Ferdinand Chernovich

This is me. The photo was taken when I was getting discharged from the hospital before my departure for Moscow.

The photo was made in Tbilisi in 1945.

In the spring of 1941 I passed my final exams. June 22 the Great Patriotic War began. In august 1941 I and other draftees were sent to the camps in Chelyabinsk [about 1500 km to the North-East from Moscow].

We were sent to the training squadron of the reserve regiment. We had stayed there for a month. We were taught how to become radio operators.

In December we were given uniforms and sent to Kazan suburbs in the Guards mortar division. I was a private, and had remained a private until the end of war.

We were field telephone operators and laid cable in the fields. We were on round-o'clock duty on the phone. We were supposed to stay by the phone for 24 hours.

If cable was ruptured somewhere we were supposed to crawl to the place where it was ruptured and joint ruptured ends.
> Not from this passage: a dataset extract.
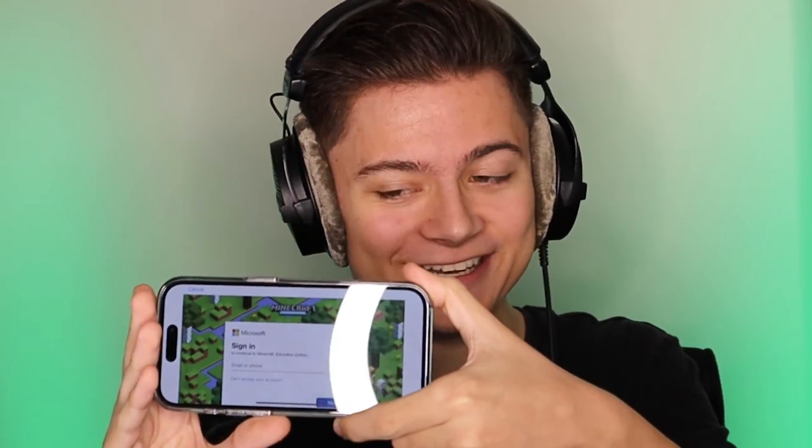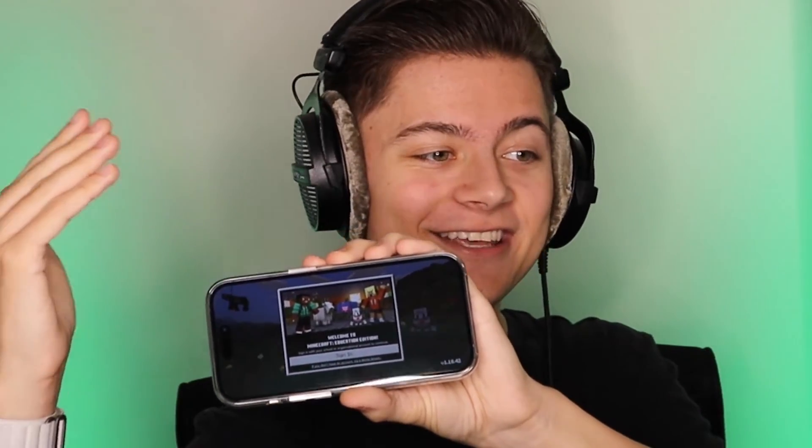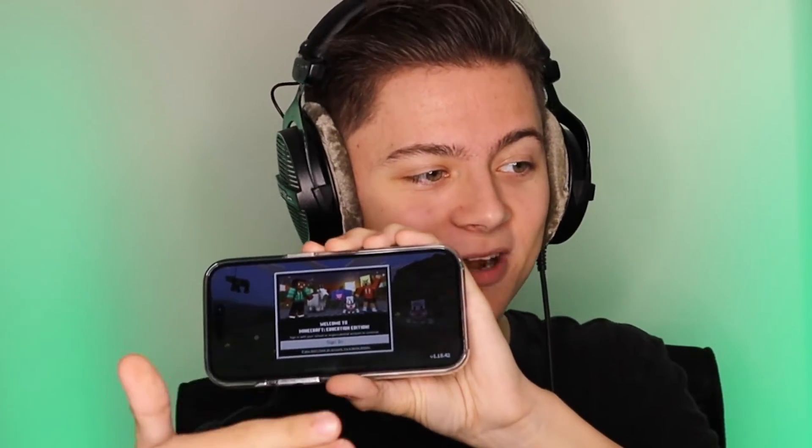It's almost done downloading — this looks super fun. It just finished, so now I'm going to press Open. As you can see, it is actually loading right over here — we got Minecraft Education Edition.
Cable was precious to us, we always ran out from it. That is why when the squad moved to another place, we reeled on cable and took it with us.

Our regiment took part in demolishing German forces close to Stalingrad. The city itself was practically devastated by the Germans. We were positioned in 13 kilometers from Stalingrad.

We had stayed there for 7 months -- for the entire period of the Stalingrad campaign. Commanders developed operational plan and stealthily moved 10 armies there.

We began our attack on November 19, 1942. There were a couple of mortar regiments like ours at the operational disposal of the army.

German forces in the vicinity of Stalingrad were defeated on February 2, 1943. After Stalingrad battle our regiment as a part of Guards mortar division was sent to Moscow for rearmament and replenishment.

Our regiment was replenished and well-armed. We were sent to Kursk. It was withdrawn from division and went to battles as a separate regiment. Our army was getting ready for Kursk operation.

We arrived there at the end of March, 1943. Mass battles were commenced on July 5, 1943. Probably we knew that a fierce battle was ahead of us. During political classes we were told about coming operation, its tasks.

We were apprised of the situation on other front-lines. It was even a more fierce than Stalingrad battle, but it did not last long. I was awarded with the medal for Military Merits after Kursk battle. I got it in autumn, 1943. It was written in my order citation that I demonstrated discipline and valor.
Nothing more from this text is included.